» **SUPPLIED DATA**:
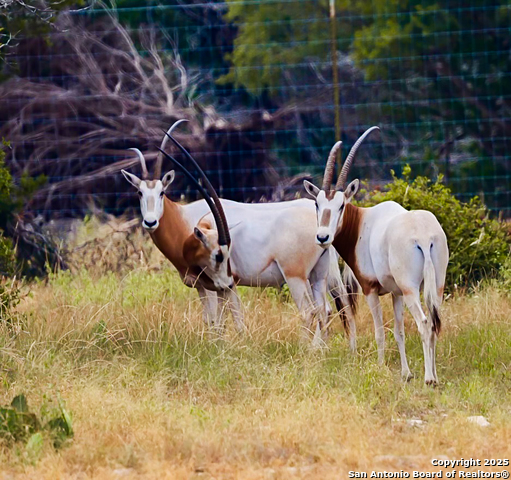 Image 10 of 88 For 9495 Morales Ln
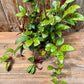 Aeschynanthus Longicaulis (Black Pagoda Lipstick Plant/Zebra Vine)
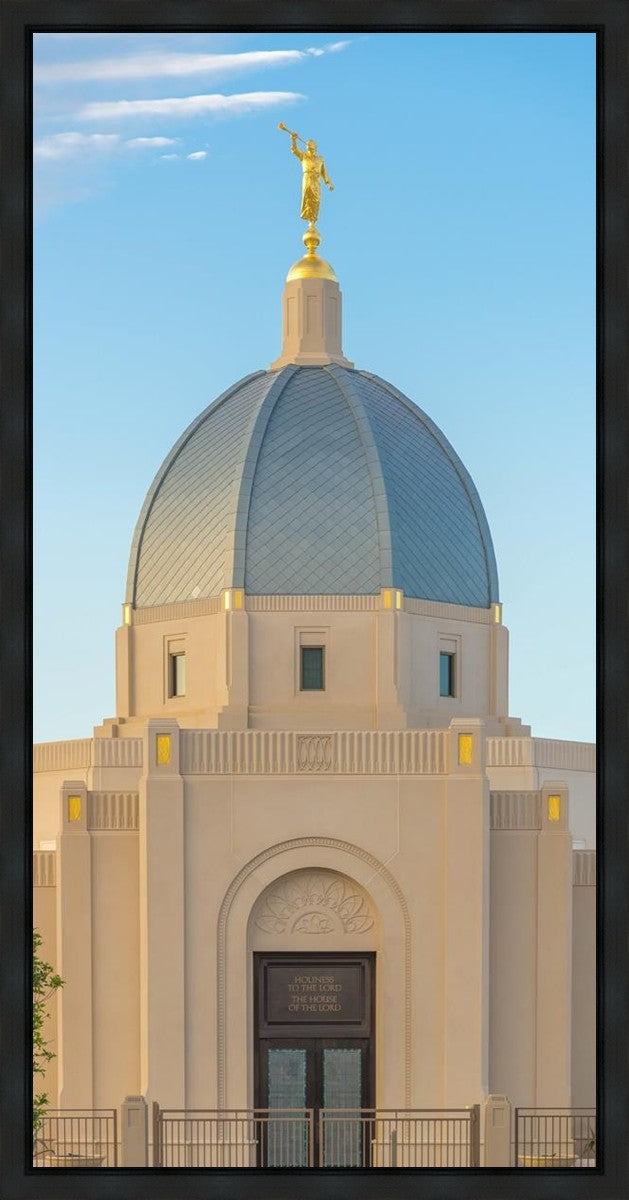 Tucson Morning Glory Gallery Wrap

» **WHAT YOU WILL DO**: Quote verbatim the final run of lines in the material above, from the line that contains "Aeschynanthus Longicaulis (Black" through the very last line, excluding any pictures.

» **SOLUTION FOR THIS PROBLEM**:
 Aeschynanthus Longicaulis (Black Pagoda Lipstick Plant/Zebra Vine)
 Tucson Morning Glory Gallery Wrap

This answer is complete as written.